IS enhanced LPS-induced inflammatory response in THP-1-derived macrophages. THP-1 cells were exposed to PMA (160 nM) for 48 h, and then incubated in PMA-free medium for 24 h, following by different concentrations of IS (0, 0.25, 0.5, 1, or 2 mM) and LPS (10 or 100 μg/mL) for 24 h. ELISA assay was used to detect the levels of a TNFα, b IL-6, c IL-1β in macrophages. THP-1-derived macrophages were incubated with different concentrations of IS (0, 0.25, 0.5, 1, or 2 mM) and LPS (10 or 100 μg/mL) for 48 h. ELISA assay was used to detect the levels of d TNFα, e IL-6, f IL-1β in macrophages. ##P < 0.01 vs. 0 μg/mL LPS + 0 mM IS group. *P < 0.05, **P < 0.01 vs. 10 μg/mL LPS + 0 mM IS group. ^P < 0.05, ^^P < 0.01 vs. 100 μg/mL LPS + 0 mM IS group
IS promoted M1 macrophage polarization in LPS-stimulated macrophages
To investigate the effect of IS on macrophage polarization under inflammatory condition, western blot assay was used. As shown in Fig. 2a, b, 2 mM IS had no effect on the expression of M2 macrophage biomarker arginase1 in LPS-stimulated macrophages. Additionally, 2 mM IS notably increased the level of M1 macrophage biomarker iNOS in macrophages in the presence of LPS (10 or 100 μg/mL) (Fig. 2a, c). Meanwhile, no difference in the expression of iNOS were detected between 10 μg/mL LPS alone and 100 μg/mL LPS alone treatment group (Fig. 2a, c). Therefore, 10 μg/mL LPS was utilized in the following experiments.

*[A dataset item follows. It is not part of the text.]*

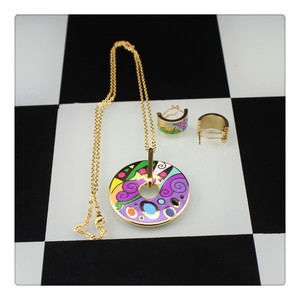 Custom Gold Luxury Jewelry Set with Earring Chain and Pendent Manufacturing Enamel <strong>Stainless</strong> <strong>Steel</strong> <strong>Jewellery</strong> DES029 - Product Image 1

IS upregulated the level of M1 macrophage marker in LPS-stimulated macrophages. a THP-1 cells were exposed to PMA (160 nM) for 48 h, and then incubated in PMA-free medium for 24 h, following by different concentrations of IS (0, 0.25, 0.5, 1, or 2 mM) and LPS (10 or 100 μg/mL) for 24 h. Expression levels of Arginase1 and iNOS in macrophages were detected with western blotting. GAPDH was used as an internal control. b, c The relative expressions of Arginase1 and iNOS in cells were normalized to GAPDH. ##P < 0.01 vs. 0 μg/mL LPS + 0 mM IS group. *P < 0.05, **P < 0.01 vs. 10 μg/mL LPS + 0 mM IS group. ^P < 0.05, ^^P < 0.01 vs. 100 μg/mL LPS + 0 mM IS group
Next, to further investigate the effect of IS on macrophage polarization in LPS-stimulated macrophages, flow cytometry analysis was used to analyze the proportion of HLA-DR+ (M1 macrophage marker) and CD206 (M2 macrophage marker) macrophages. As shown in Fig. 3a, b, 2 mM IS markedly increased the proportion of HLA-DR+ cells in LPS-stimulated macrophages compared to macrophages treated with LPS alone; however, 2 mM IS caused no major change in the proportion of CD206+ cells during LPS challenge (Fig. 3c, d). These data indicated that IS could promote M1 macrophage polarization in LPS-stimulated macrophages.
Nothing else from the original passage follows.